Recent developments in Orbital Communication Theory (OCT) of the chemical bond are summarized. Conditional probabilities defining molecular information networks are generated using the bond-projected Superposition Principle (SP) of quantum mechanics. The communications between atomic orbitals (AO) are proportional to squares of elements in the Charge-and-Bond-Order (CBO) matrix, thus being related to Wiberg’s quadratic indices of the chemical bond-order. Molecular propagation of information exhibits the communication-noise due to electron delocalization via the system chemical bonds, the entropic bond-covalency, measured by the channel conditional entropy. Information bond-ionicity is reflected by the channel mutual information (information flow) descriptor. The amplitude and probability information systems are distinguished, with the former being capable of the communication interference.
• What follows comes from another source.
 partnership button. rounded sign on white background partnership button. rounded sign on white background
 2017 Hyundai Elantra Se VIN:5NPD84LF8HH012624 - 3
This phase-aspect is lost in the probabilistic treatment of classical Information Theory (IT). The OCT perspective identifies the “indirect” chemical bonds in the “cascade” propagation realized via AO intermediates. These through-bridge “bonds” extend range of chemical interactions and supplement the “direct” (through-space) bonds realized by the constructive AO interference or direct communications between them. The flexible-input extension of OCT provides a continuous description of the fragment dissociation, giving a fair agreement between chemical expectations, OCT bond-multiplicities, and Wiberg bond-orders. The occupational orbital decoupling in OCT is properly represented, when separate communication systems for each occupied MO are used and their occupation-weighted entropy/information contributions are classified as bonding (positive) or antibonding (negative), in accordance with the signs of CBO matrix elements reflecting AO phases. These developments are illustrated in two-orbital model and representative π-electron systems. Resultant amplitude communications in multiconfiguration theory are explored, AO communications in Valence-Bond (VB) structures of H2 are examined, and intrinsic nonorthogonality problem of VB description is discussed. The covalent structure generates noiseless channel involving solely the offdiagonal (inter-orbital) propagations, while the ionic state corresponds to deterministic channel of the diagonal (intra-atomic) communications.